(The input)

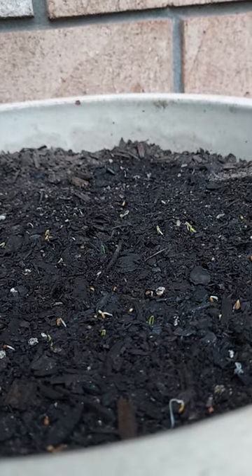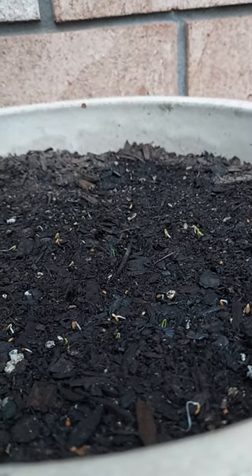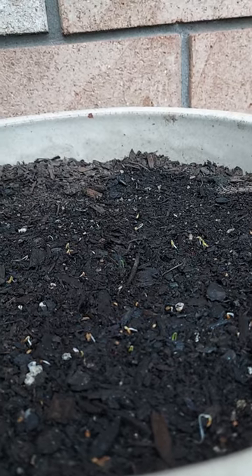Covering them up increases germination rate, also locks in the moisture and the humidity, which helps these carrots thrive.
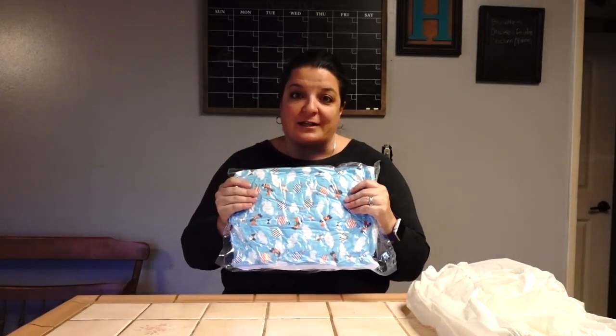Welcome back to the channel, welcome back to the vlog. Today we're going to talk about the Amutsu bulky cloth diaper by Rears. If you remember a few weeks ago, we opened this goodie in our care package they sent us.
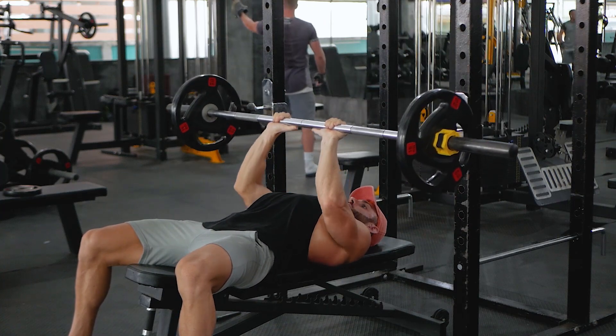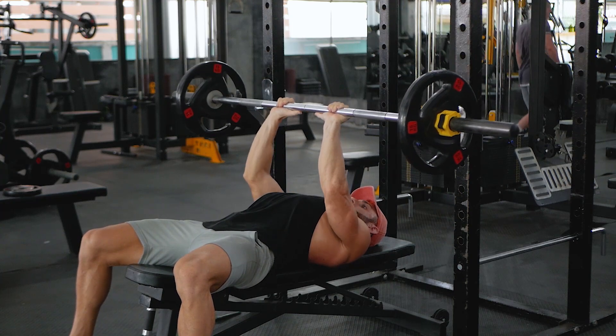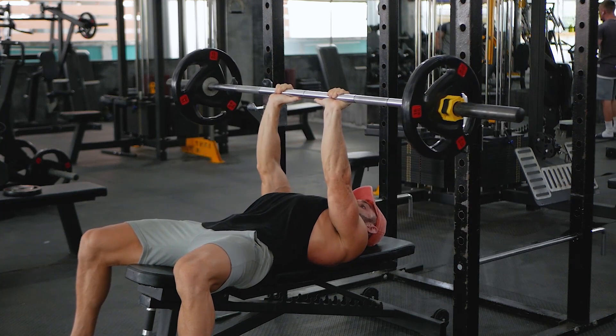Lower the bar slowly and controlled and then press up powerfully. Bring the bar back down towards your sternum. Keep your elbows close to your sides to emphasise your triceps and don't arch your back.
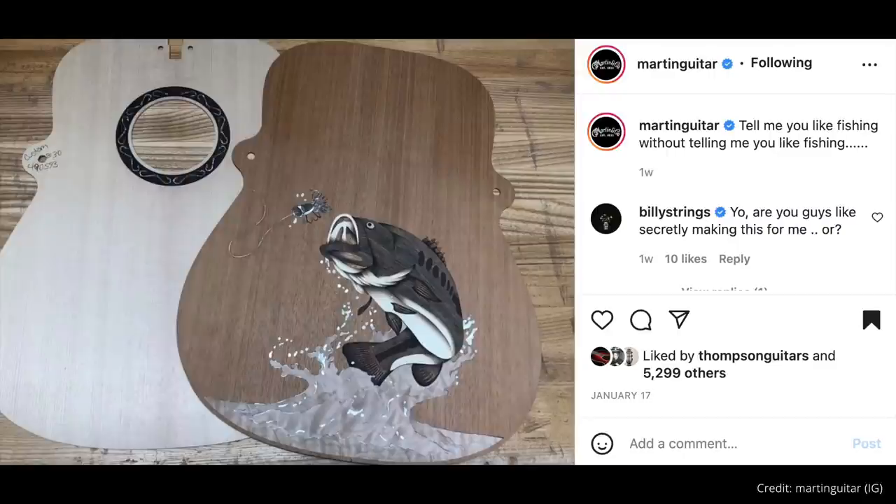One final thing I want to bring your guitar geek attention to — it comes from the Martin Custer. It's an inlay of a largemouth bass on the back of a guitar, and it is purely 100% stunning. It kind of bookends our safari of wildlife inlay — we started with a magpie, we're wrapping up with a largemouth bass. Martin's caption: 'Tell me you like fishing without telling me you like fishing.' And the first comment came from Billy Strings: 'Yo, are you guys like, secretly making this for me?' — very fitting because if you follow Billy at all, you know he loves fishing, especially for bass.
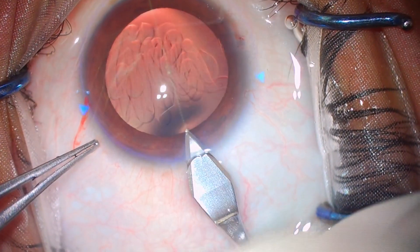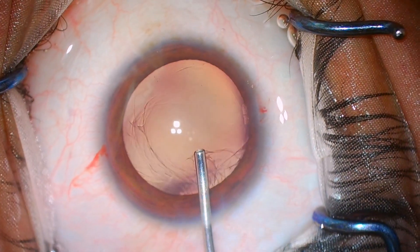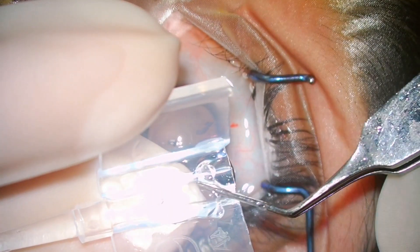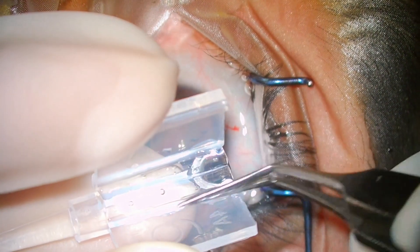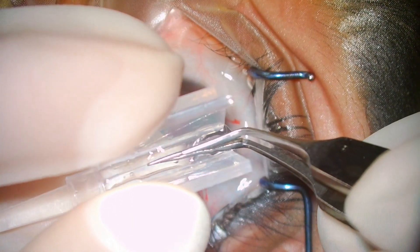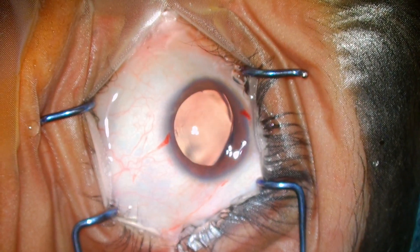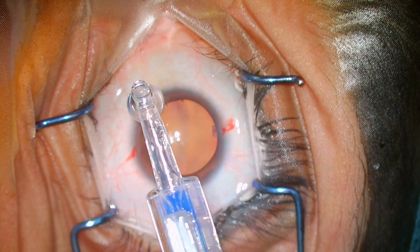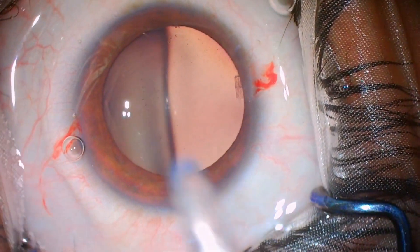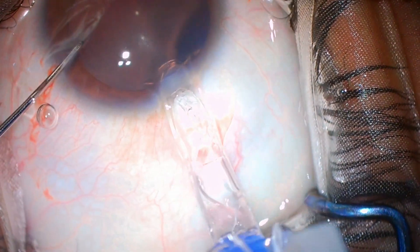This is the technique that I use: a larger side incision and then a main incision of 2.8 mm. I slightly enlarge the inner part of the incision for easy injection of the IOL. This IPCL is a hydrophilic IOL, so it is very easy to implant. You just have to make sure that all the IOL and its haptics are in the groove and there is free movement before you are ready to inject.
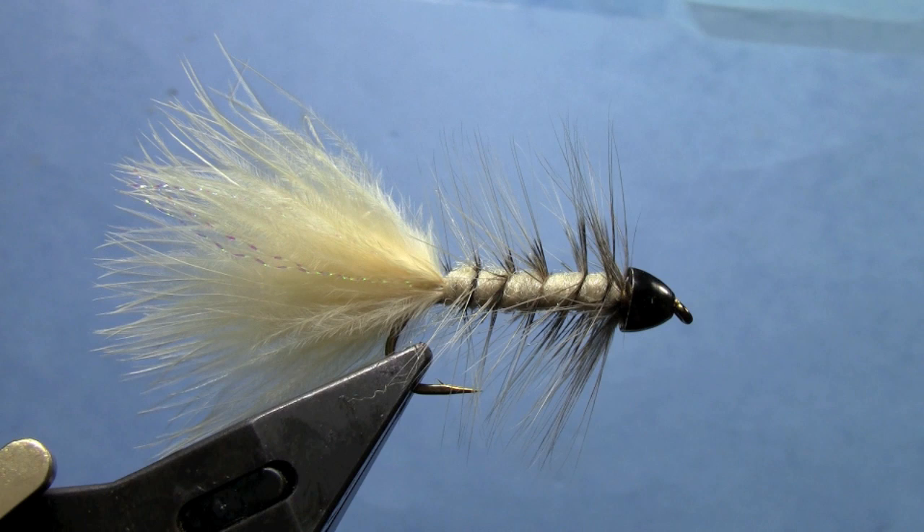Make sure you tie some of these up. It's a super effective fly whether you're fishing for trout, carp, or bass — a great variation on the Woolly Bugger. I'm Hans from Dakota Angler and Outfitter. Thanks for watching.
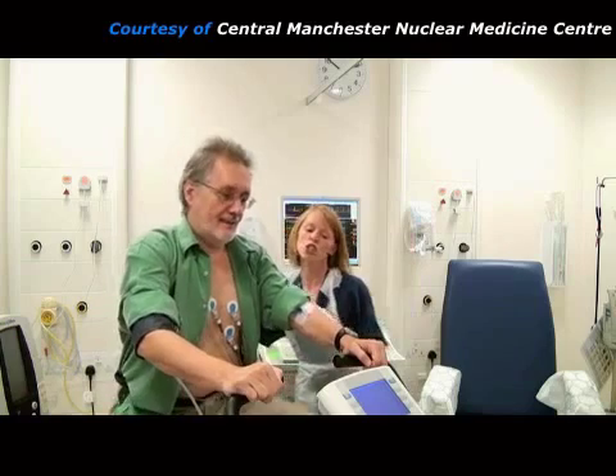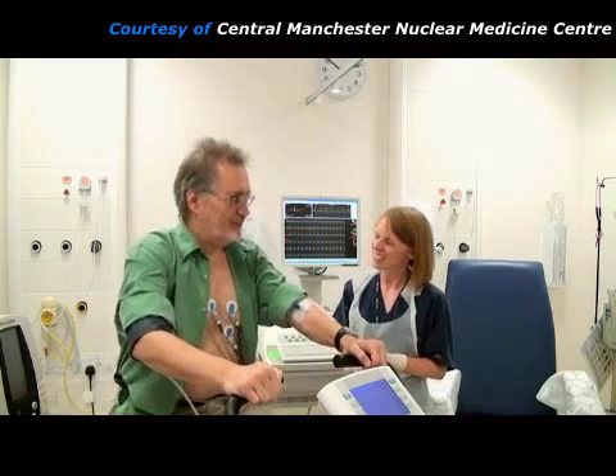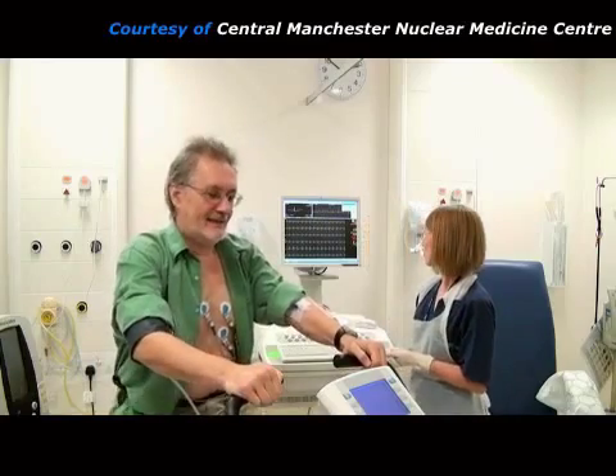As soon as it is injected, the radiopharmaceutical goes to the heart muscle to reflect the myocardial blood flow at this moment of maximum stress. The patient must continue to exercise for a further 2 minutes and then they can relax.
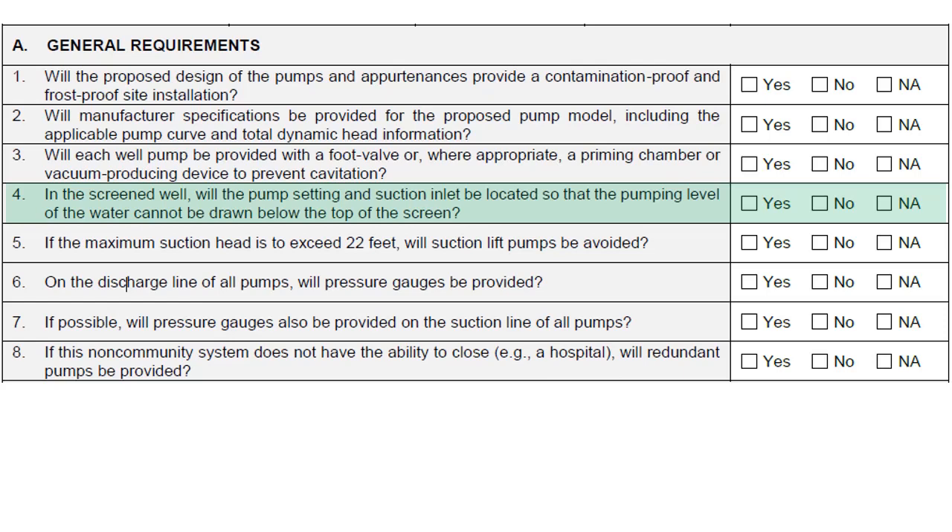The pump setting and suction inlet on a screened well should be located so that the pumping level of the water cannot be drawn below the top of the screen. Water pumps are not designed to pump air, as these pumps rely on the water for cooling and lubrication. Trying to pump water beneath the level of the well screen will cause undue stress on the pump, as a constant supply of water is unavailable.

(End The input)

What the task asks: From the first line to the last, output the data exactly, without the pictures.

Response area:
Covering them up increases germination rate, also locks in the moisture and the humidity, which helps these carrots thrive.
Welcome back to the channel, welcome back to the vlog. Today we're going to talk about the Amutsu bulky cloth diaper by Rears. If you remember a few weeks ago, we opened this goodie in our care package they sent us.
Lower the bar slowly and controlled and then press up powerfully. Bring the bar back down towards your sternum. Keep your elbows close to your sides to emphasise your triceps and don't arch your back.
One final thing I want to bring your guitar geek attention to — it comes from the Martin Custer. It's an inlay of a largemouth bass on the back of a guitar, and it is purely 100% stunning. It kind of bookends our safari of wildlife inlay — we started with a magpie, we're wrapping up with a largemouth bass. Martin's caption: 'Tell me you like fishing without telling me you like fishing.' And the first comment came from Billy Strings: 'Yo, are you guys like, secretly making this for me?' — very fitting because if you follow Billy at all, you know he loves fishing, especially for bass.
This is the technique that I use: a larger side incision and then a main incision of 2.8 mm. I slightly enlarge the inner part of the incision for easy injection of the IOL. This IPCL is a hydrophilic IOL, so it is very easy to implant. You just have to make sure that all the IOL and its haptics are in the groove and there is free movement before you are ready to inject.
Make sure you tie some of these up. It's a super effective fly whether you're fishing for trout, carp, or bass — a great variation on the Woolly Bugger. I'm Hans from Dakota Angler and Outfitter. Thanks for watching.
As soon as it is injected, the radiopharmaceutical goes to the heart muscle to reflect the myocardial blood flow at this moment of maximum stress. The patient must continue to exercise for a further 2 minutes and then they can relax.
The pump setting and suction inlet on a screened well should be located so that the pumping level of the water cannot be drawn below the top of the screen. Water pumps are not designed to pump air, as these pumps rely on the water for cooling and lubrication. Trying to pump water beneath the level of the well screen will cause undue stress on the pump, as a constant supply of water is unavailable.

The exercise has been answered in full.